In 2001, the sculpture ‘Enclosure’ by Paul de Monchaux was added to the park. The four metre high stone sculpture frames three skyline landmarks in and around the park. These framed structures are named on the base of the sculpture, with it framing the Cenotaph (though this is blocked by the Issac Watts statue), the Southampton Civic Centre clock tower and the Spire on what was formerly St Peters Church, opposite the Mayflower Theatre. It was paid for by the Lottery Fund.

==Lime Tree Avenue==
The Lime Tree Avenue runs in a straight line through the parks.

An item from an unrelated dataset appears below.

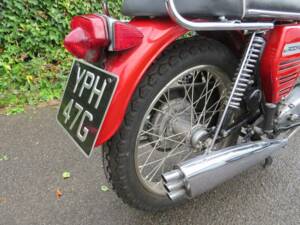 Imagen 45/49 de BSA A 75 Rocket 3 (1969)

It starts at Houndwell Park (at the Gas Column) and runs north through Palmerston Park to East (Andrews) Park, where it stops at the Queens Peace Fountain. The avenue of trees were presented in 1862, by then Mayor of Southampton, Sir Frederick Perkins. This is commemorated by a plaque adjacent to the statue of Richard Andrews.

==Notes==
1.The information regarding the Queens Peace Fountain is from signage within the park, at its entrance opposite the Cenotaph.